TASK ITEM: Out of the material that follows, write out exactly the lines from the line with "thumbnail image 6" to the line with "Micron 5100 ECO", both ends included, and no others.

GIVEN RECORDS:
------------------------------------------------

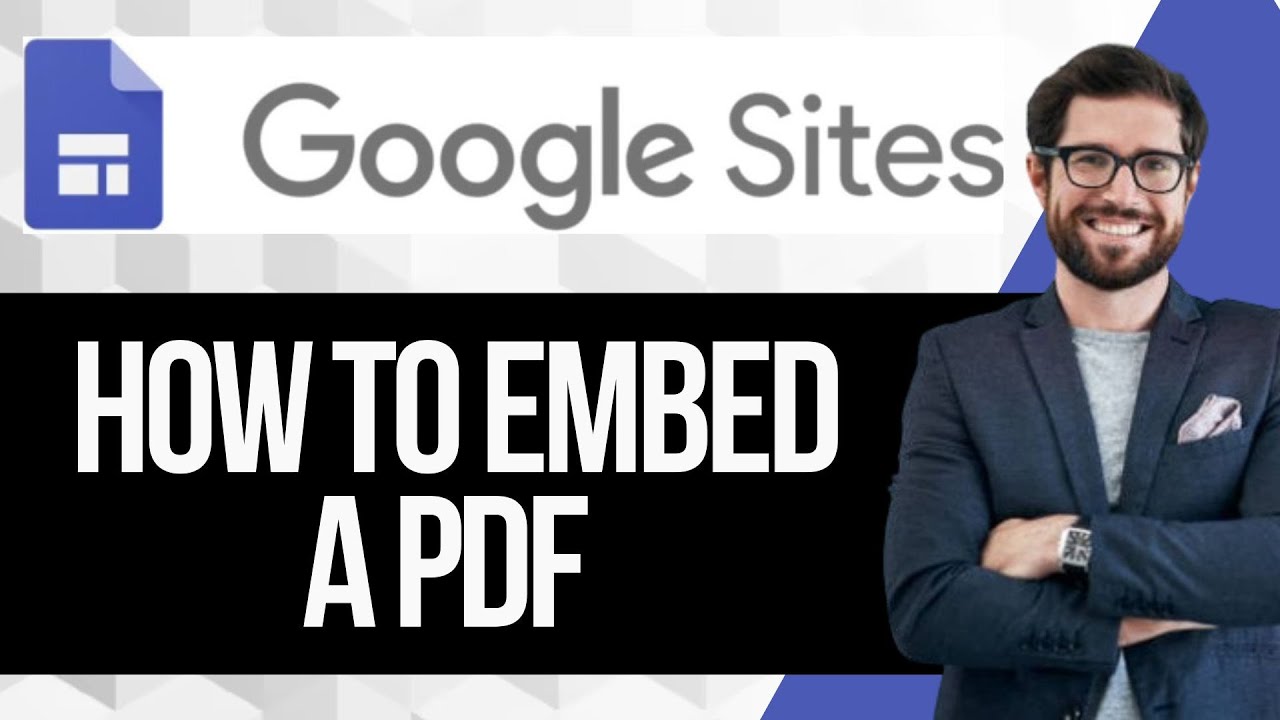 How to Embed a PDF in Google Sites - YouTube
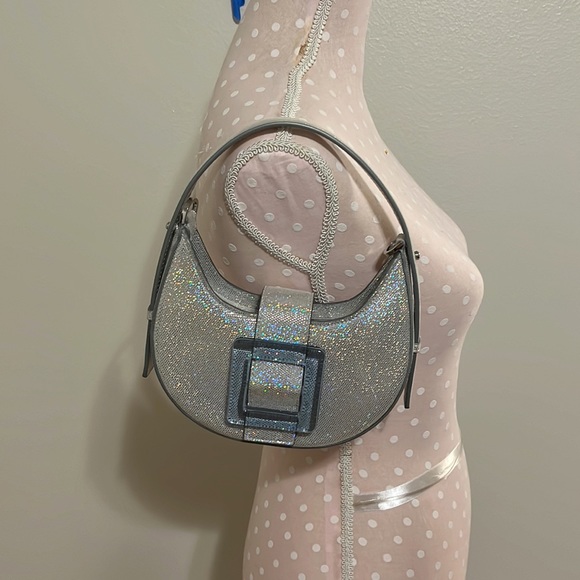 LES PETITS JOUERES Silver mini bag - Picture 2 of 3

------------------------------------------------

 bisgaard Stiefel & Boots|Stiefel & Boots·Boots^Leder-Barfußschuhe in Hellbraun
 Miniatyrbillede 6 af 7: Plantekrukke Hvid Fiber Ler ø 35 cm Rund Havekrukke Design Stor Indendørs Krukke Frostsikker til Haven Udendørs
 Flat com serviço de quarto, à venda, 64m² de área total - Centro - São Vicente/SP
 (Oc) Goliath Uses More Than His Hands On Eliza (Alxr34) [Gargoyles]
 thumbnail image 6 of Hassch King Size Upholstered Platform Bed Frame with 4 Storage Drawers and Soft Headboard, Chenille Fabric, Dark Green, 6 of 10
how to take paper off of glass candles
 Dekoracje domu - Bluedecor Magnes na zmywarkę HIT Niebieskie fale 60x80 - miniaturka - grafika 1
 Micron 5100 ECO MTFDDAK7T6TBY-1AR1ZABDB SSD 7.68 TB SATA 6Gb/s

------------------------------------------------

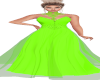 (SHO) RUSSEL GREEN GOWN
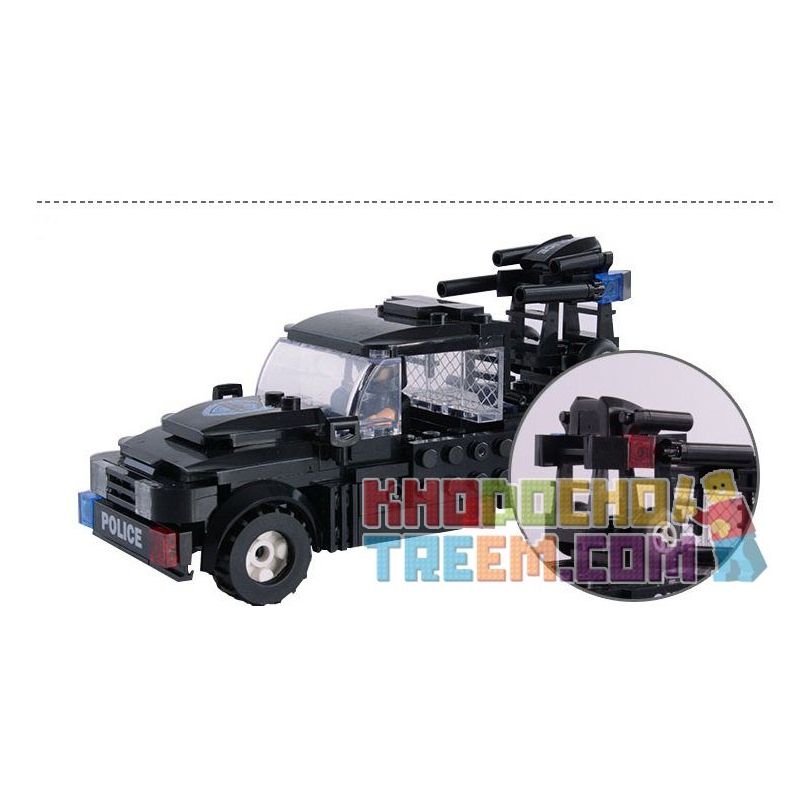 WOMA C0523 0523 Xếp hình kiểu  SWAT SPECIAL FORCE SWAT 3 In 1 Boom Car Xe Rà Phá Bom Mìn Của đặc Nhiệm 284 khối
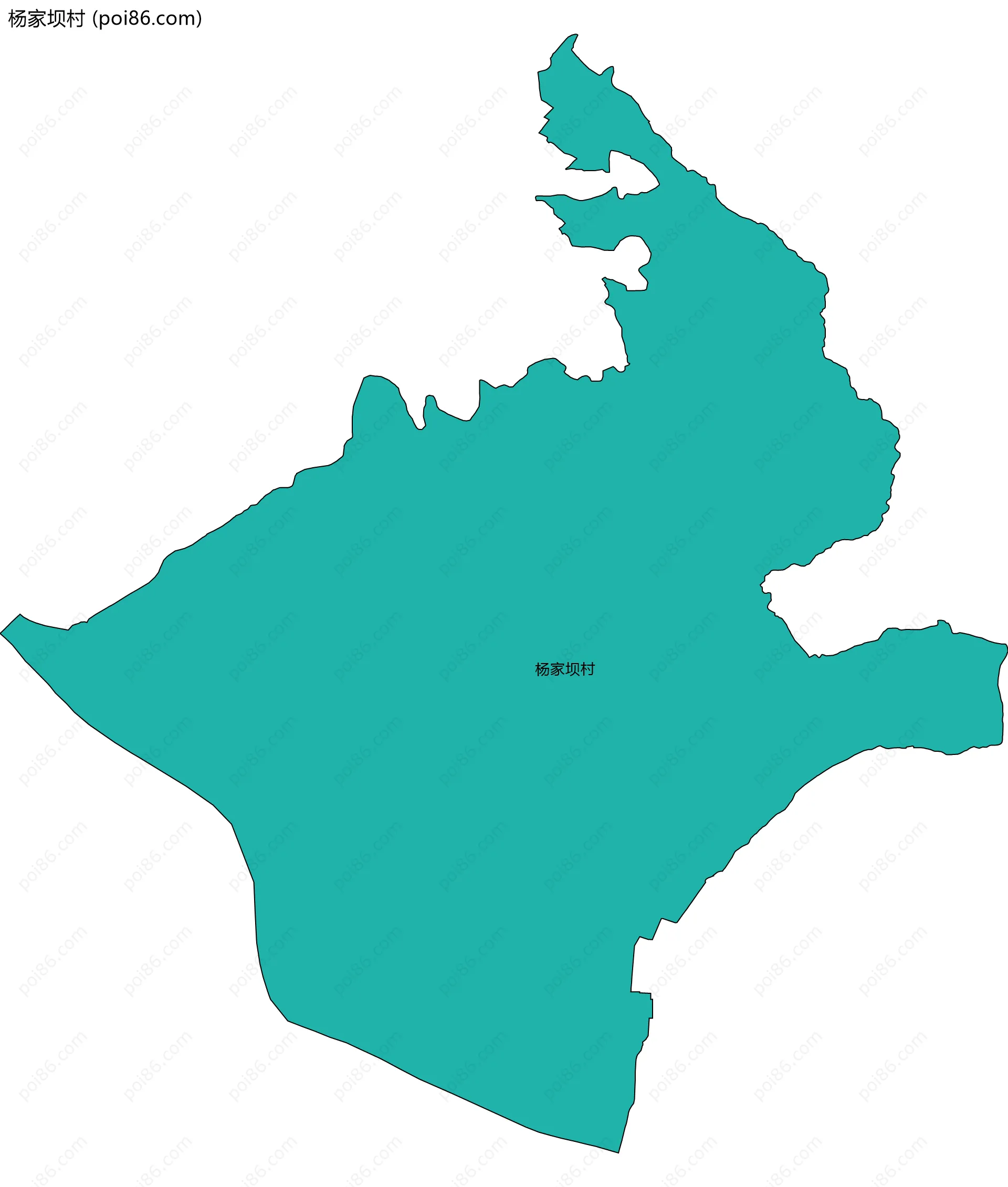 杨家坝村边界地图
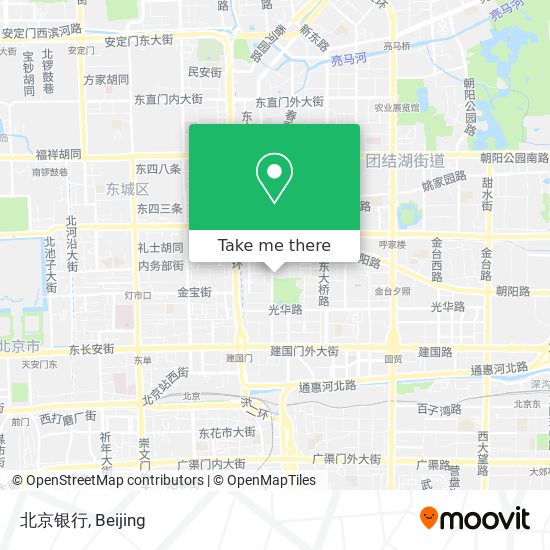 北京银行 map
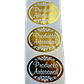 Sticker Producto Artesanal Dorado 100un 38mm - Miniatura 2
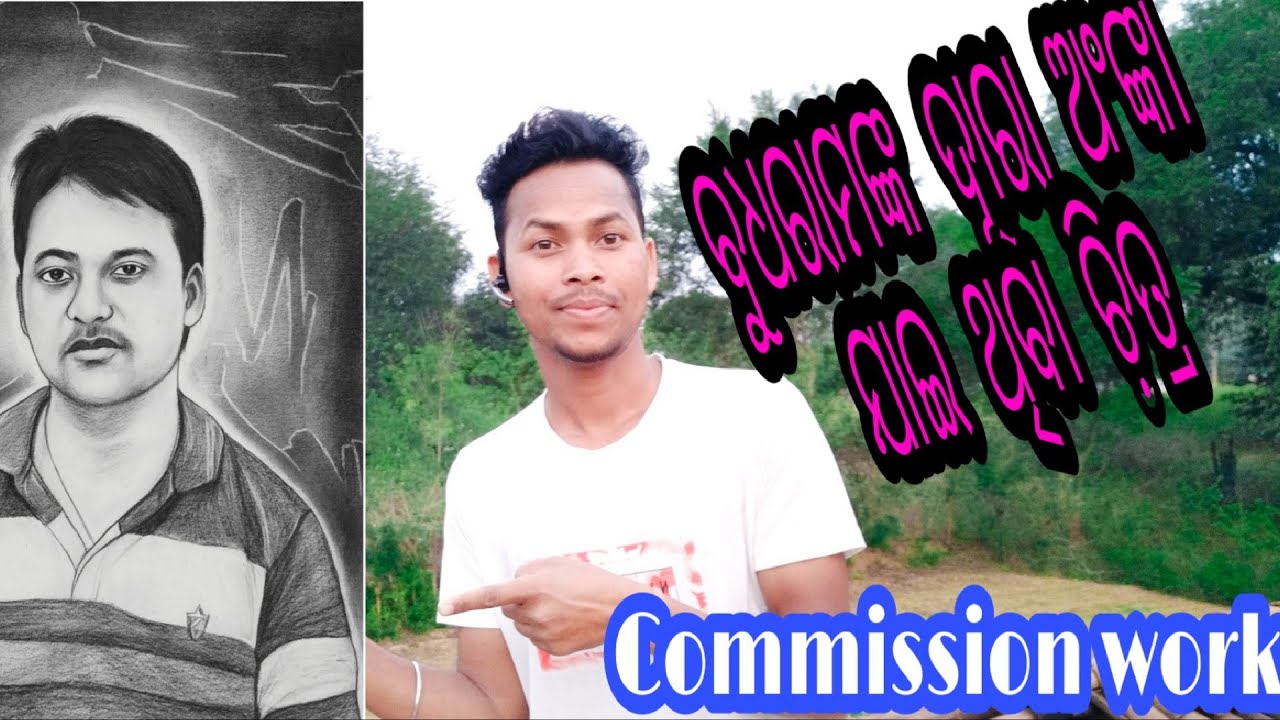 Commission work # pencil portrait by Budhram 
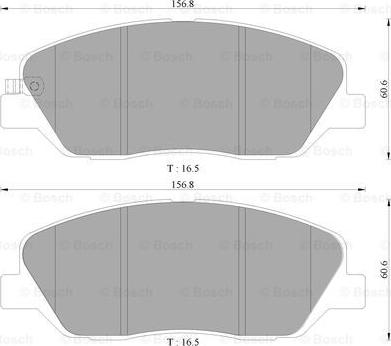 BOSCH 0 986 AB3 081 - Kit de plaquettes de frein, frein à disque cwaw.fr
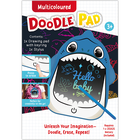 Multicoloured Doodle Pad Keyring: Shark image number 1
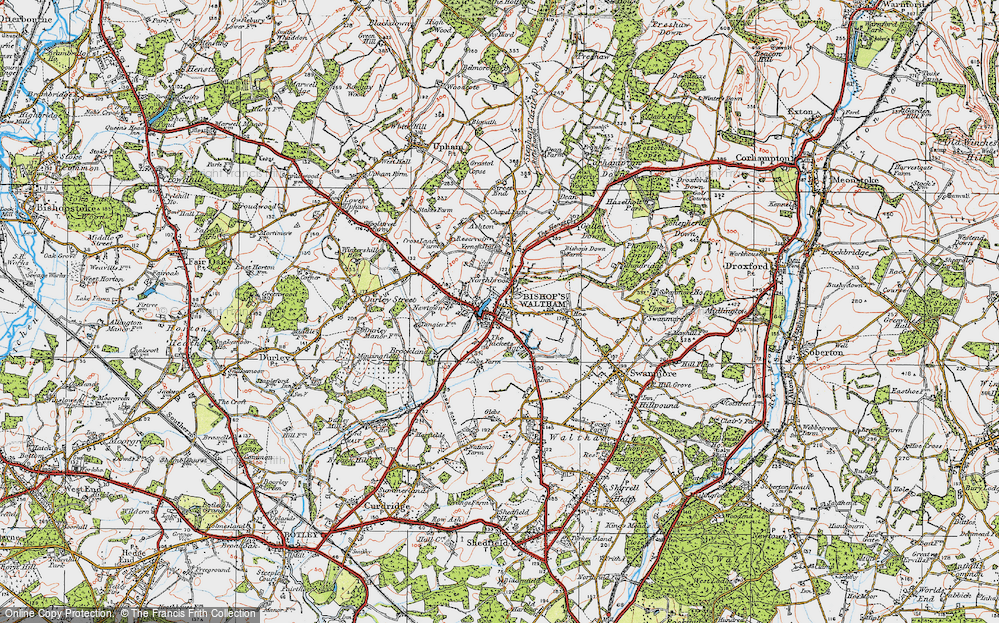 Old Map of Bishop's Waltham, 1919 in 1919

------------------------------------------------

WRITTEN REPLY:
 thumbnail image 6 of Hassch King Size Upholstered Platform Bed Frame with 4 Storage Drawers and Soft Headboard, Chenille Fabric, Dark Green, 6 of 10
how to take paper off of glass candles
 Dekoracje domu - Bluedecor Magnes na zmywarkę HIT Niebieskie fale 60x80 - miniaturka - grafika 1
 Micron 5100 ECO MTFDDAK7T6TBY-1AR1ZABDB SSD 7.68 TB SATA 6Gb/s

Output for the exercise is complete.